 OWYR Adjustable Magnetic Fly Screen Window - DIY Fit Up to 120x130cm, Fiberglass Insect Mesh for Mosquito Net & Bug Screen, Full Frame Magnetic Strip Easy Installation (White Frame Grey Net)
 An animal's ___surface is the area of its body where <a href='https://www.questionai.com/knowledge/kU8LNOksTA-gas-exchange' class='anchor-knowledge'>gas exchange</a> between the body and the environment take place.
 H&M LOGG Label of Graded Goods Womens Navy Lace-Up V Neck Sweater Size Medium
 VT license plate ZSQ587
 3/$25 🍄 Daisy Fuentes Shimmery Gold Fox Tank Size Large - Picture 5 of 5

--

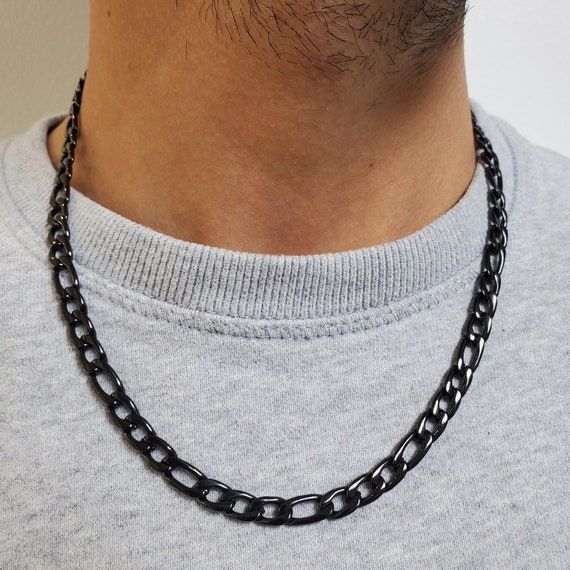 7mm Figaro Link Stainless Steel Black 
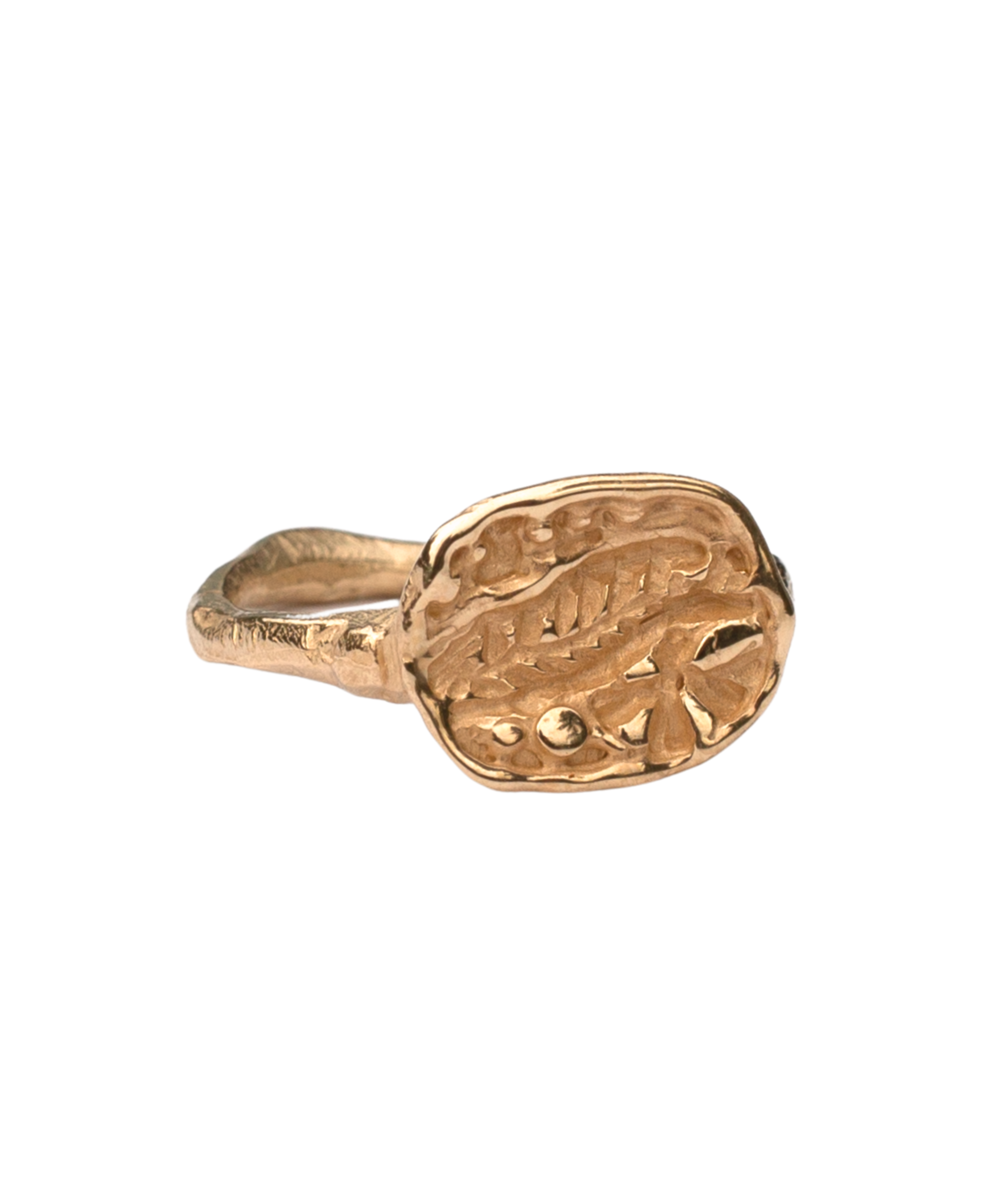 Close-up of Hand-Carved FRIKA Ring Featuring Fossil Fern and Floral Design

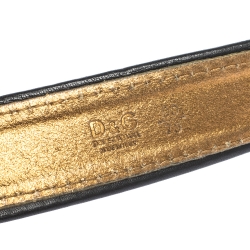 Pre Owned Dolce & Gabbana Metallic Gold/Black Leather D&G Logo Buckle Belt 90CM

Task item – The exercise is to copy out every line above that has the word "Size" in it.

Finished exercise –
 H&M LOGG Label of Graded Goods Womens Navy Lace-Up V Neck Sweater Size Medium
 3/$25 🍄 Daisy Fuentes Shimmery Gold Fox Tank Size Large - Picture 5 of 5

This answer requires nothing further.